AI models have already looked at the source of GPL software and contain it in their dataset. Adding the minecraft source to the mix wouldn't seem much different. Of course art assets and trade marks would have to be replaced. But an AI "clean room" implementation has yet to be legally tested.

That's why he is saying it's not equivalent. For it to be the same, the LLM would have to train on/transform Minecraft's source code into its weights, then you prompt the LLM to make a game using the specifications of Minecraft solely through prompts. Of course it's copyright infringement if you just give a tool Minecraft's source code and tell it to copy it, just like it would be copyright infringement if you used a copier to copy Minecraft's source code into a new document and say you recreated Minecraft.

What if Copilot was already trained with Minecraft code in the dataset? Should be possible to test by telling the model to continue a snippet from the leaked code, the same way a news website proved their articles were used for training.

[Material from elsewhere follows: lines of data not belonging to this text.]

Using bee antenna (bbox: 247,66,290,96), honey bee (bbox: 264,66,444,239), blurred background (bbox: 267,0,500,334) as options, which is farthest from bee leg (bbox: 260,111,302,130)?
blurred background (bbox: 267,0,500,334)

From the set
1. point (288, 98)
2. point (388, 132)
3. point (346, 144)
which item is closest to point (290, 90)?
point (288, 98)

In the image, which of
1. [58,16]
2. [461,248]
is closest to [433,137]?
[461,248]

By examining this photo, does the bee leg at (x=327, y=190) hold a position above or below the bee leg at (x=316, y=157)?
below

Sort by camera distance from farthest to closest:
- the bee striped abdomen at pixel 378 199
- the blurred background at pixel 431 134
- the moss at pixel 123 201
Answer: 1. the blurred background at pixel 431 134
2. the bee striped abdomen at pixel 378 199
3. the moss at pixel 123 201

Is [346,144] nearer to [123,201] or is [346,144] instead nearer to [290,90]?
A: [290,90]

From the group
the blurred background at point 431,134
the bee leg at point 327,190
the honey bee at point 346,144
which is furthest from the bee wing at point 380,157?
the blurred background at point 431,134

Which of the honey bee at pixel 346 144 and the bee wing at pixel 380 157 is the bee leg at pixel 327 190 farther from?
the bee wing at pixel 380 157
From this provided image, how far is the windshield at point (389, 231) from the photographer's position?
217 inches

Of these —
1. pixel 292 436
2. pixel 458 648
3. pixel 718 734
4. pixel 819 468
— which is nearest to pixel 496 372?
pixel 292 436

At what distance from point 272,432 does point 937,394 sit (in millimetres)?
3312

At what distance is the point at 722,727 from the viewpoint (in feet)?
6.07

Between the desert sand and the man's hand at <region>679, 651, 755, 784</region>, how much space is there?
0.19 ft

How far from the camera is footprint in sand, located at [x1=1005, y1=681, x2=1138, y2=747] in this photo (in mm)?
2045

I feel as though the fact that you are asking a valid question shows how transformative it is; clearly, while the LLM gets a general ability to code from its training corpus, the data gets so transformed that it's difficult to tell what exactly it was trained on except a large body of code.

Then the training itself is the legal question. This doesn't seem all that complicated to me.

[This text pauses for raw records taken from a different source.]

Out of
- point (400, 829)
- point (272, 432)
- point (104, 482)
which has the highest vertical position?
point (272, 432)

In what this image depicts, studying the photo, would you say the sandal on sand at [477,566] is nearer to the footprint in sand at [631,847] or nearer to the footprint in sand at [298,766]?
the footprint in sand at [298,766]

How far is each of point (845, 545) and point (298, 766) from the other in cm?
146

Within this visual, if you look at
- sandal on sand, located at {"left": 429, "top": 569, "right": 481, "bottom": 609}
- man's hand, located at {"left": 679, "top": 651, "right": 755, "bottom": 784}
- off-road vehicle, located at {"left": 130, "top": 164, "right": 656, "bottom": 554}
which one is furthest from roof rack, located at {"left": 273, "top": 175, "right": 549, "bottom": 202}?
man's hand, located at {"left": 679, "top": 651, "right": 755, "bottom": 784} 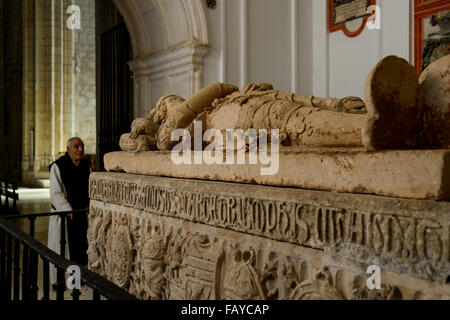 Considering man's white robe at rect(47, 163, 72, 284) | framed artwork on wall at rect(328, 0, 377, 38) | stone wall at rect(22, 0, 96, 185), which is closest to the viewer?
man's white robe at rect(47, 163, 72, 284)

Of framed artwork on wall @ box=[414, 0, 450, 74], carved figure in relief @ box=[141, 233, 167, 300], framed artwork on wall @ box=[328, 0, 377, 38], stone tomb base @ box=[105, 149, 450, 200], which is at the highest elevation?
framed artwork on wall @ box=[328, 0, 377, 38]

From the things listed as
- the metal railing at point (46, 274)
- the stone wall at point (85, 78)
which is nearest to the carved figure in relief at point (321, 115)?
the metal railing at point (46, 274)

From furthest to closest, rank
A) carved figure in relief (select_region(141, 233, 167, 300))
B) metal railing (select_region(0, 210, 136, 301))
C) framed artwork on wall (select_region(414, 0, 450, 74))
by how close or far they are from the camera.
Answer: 1. framed artwork on wall (select_region(414, 0, 450, 74))
2. carved figure in relief (select_region(141, 233, 167, 300))
3. metal railing (select_region(0, 210, 136, 301))

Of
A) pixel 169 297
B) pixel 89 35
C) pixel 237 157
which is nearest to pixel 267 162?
pixel 237 157

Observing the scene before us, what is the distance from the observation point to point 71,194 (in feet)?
15.3

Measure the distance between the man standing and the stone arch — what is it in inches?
94.4

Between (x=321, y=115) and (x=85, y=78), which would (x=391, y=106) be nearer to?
(x=321, y=115)

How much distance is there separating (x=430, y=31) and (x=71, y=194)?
15.0 ft

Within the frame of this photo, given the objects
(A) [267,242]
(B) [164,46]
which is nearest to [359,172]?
(A) [267,242]

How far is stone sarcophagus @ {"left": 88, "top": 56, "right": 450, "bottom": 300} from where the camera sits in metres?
1.57

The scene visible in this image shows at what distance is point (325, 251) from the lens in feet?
5.98

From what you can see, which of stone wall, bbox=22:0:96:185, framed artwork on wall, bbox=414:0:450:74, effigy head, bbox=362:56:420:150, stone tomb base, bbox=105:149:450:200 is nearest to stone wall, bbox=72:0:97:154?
stone wall, bbox=22:0:96:185

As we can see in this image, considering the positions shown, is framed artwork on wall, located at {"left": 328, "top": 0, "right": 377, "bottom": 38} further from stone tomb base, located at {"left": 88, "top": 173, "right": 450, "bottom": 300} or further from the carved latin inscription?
the carved latin inscription

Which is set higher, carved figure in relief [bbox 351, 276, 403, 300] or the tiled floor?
carved figure in relief [bbox 351, 276, 403, 300] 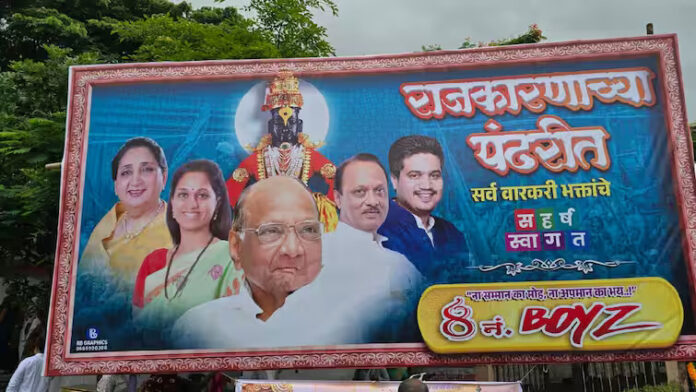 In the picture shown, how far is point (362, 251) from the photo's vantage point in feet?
20.9

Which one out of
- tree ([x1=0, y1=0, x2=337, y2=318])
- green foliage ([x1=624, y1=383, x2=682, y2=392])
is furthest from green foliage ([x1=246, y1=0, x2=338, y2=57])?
green foliage ([x1=624, y1=383, x2=682, y2=392])

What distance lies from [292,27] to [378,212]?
689 cm

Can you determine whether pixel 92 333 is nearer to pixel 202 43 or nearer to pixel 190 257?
pixel 190 257

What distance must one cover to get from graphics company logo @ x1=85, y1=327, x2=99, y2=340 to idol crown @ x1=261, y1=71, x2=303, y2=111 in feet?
9.79

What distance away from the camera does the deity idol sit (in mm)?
6539

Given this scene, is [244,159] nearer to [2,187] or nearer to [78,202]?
[78,202]

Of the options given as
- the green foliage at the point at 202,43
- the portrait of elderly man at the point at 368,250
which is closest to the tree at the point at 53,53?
the green foliage at the point at 202,43

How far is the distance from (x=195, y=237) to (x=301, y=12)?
22.9ft

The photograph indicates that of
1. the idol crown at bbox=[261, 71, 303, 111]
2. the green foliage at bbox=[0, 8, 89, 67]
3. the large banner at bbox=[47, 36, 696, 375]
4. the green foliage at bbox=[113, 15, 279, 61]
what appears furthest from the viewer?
the green foliage at bbox=[0, 8, 89, 67]

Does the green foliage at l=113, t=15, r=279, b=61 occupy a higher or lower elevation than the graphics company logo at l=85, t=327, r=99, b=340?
higher

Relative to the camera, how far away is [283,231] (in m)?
6.48

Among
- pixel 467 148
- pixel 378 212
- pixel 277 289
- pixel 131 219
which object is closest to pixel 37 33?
pixel 131 219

Is there a legal distinction between training, post-training, fine tuning and filling up a context window?

In all of these cases an AI model is taking a copyrighted source, reading it, jumbling the bytes and storing it in its memory as vectors.

Later a query reads these vectors and outputs them in a form which may or may not be similar to the original.

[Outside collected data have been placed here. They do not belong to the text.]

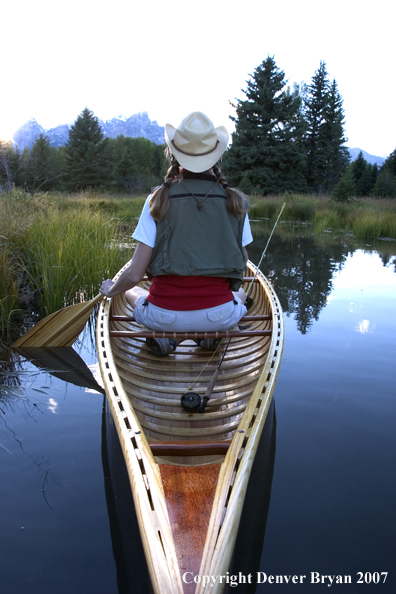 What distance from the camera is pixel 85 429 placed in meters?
3.03

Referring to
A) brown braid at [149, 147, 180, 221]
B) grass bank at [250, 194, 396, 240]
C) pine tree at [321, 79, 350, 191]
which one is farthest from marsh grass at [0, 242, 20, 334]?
pine tree at [321, 79, 350, 191]

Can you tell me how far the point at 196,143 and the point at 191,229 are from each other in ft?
1.58

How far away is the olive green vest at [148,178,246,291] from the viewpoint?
2.57 meters

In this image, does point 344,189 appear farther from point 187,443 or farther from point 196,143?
point 187,443

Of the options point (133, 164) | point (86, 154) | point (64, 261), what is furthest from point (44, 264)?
point (133, 164)

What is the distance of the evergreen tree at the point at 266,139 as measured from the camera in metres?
27.5

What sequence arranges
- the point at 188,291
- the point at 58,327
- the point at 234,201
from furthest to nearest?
the point at 58,327 < the point at 188,291 < the point at 234,201

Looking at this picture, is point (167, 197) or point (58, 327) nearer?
point (167, 197)

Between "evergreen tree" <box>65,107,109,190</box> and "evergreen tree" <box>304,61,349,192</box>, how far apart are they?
57.3ft

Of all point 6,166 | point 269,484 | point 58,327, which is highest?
point 6,166

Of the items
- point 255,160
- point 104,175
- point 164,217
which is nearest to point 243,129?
point 255,160

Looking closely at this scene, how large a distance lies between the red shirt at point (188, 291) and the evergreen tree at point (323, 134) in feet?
114

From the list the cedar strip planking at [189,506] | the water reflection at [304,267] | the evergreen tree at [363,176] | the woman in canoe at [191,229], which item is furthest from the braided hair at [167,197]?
the evergreen tree at [363,176]

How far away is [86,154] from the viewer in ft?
127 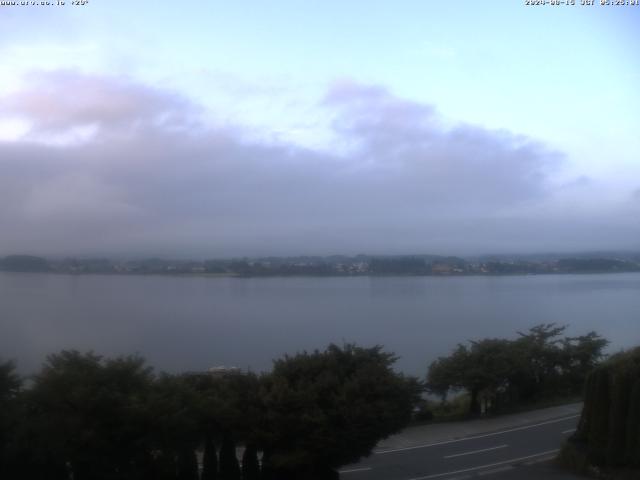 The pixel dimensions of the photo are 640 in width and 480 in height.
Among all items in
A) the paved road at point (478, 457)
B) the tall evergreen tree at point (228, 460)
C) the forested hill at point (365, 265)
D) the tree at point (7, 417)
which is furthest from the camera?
the forested hill at point (365, 265)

Judges have previously ruled that training counts as sufficiently transformative to qualify for fair use: https://www.whitecase.com/insight-alert/two-california-distr...

I don't know of any rulings on the context window, but it's certainly possible judges would rule that would not qualify as transformative.

[deleted]
[deleted]

It's not equivalent, but it's close enough that you can't easily dismiss it.

For copyright purposes I think there is an important legal distinction between training data (fed in once, ahead of time, and can in theory no longer be recovered as-is) and context window data (stored exactly for the duration of the model call).

I'm not sure there should be, but I think there is.